_WORK ITEM_.
Each entry must be restated exactly as it appears.

_Stored dataset items_.
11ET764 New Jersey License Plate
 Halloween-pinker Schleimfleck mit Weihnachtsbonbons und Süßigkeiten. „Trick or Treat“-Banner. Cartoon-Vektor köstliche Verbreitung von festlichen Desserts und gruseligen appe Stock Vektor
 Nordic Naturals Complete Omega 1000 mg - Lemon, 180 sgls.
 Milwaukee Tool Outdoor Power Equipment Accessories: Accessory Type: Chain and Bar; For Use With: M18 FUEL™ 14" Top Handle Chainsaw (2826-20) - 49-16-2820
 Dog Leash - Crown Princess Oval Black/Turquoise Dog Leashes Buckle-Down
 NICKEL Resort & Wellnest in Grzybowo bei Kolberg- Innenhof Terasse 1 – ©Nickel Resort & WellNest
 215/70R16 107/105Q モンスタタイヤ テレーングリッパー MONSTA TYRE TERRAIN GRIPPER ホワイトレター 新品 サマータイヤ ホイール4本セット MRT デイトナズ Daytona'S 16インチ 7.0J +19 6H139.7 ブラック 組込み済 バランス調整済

_SOLUTION FOR THIS PROBLEM_.
11ET764 New Jersey License Plate
 Halloween-pinker Schleimfleck mit Weihnachtsbonbons und Süßigkeiten. „Trick or Treat“-Banner. Cartoon-Vektor köstliche Verbreitung von festlichen Desserts und gruseligen appe Stock Vektor
 Nordic Naturals Complete Omega 1000 mg - Lemon, 180 sgls.
 Milwaukee Tool Outdoor Power Equipment Accessories: Accessory Type: Chain and Bar; For Use With: M18 FUEL™ 14" Top Handle Chainsaw (2826-20) - 49-16-2820
 Dog Leash - Crown Princess Oval Black/Turquoise Dog Leashes Buckle-Down
 NICKEL Resort & Wellnest in Grzybowo bei Kolberg- Innenhof Terasse 1 – ©Nickel Resort & WellNest
 215/70R16 107/105Q モンスタタイヤ テレーングリッパー MONSTA TYRE TERRAIN GRIPPER ホワイトレター 新品 サマータイヤ ホイール4本セット MRT デイトナズ Daytona'S 16インチ 7.0J +19 6H139.7 ブラック 組込み済 バランス調整済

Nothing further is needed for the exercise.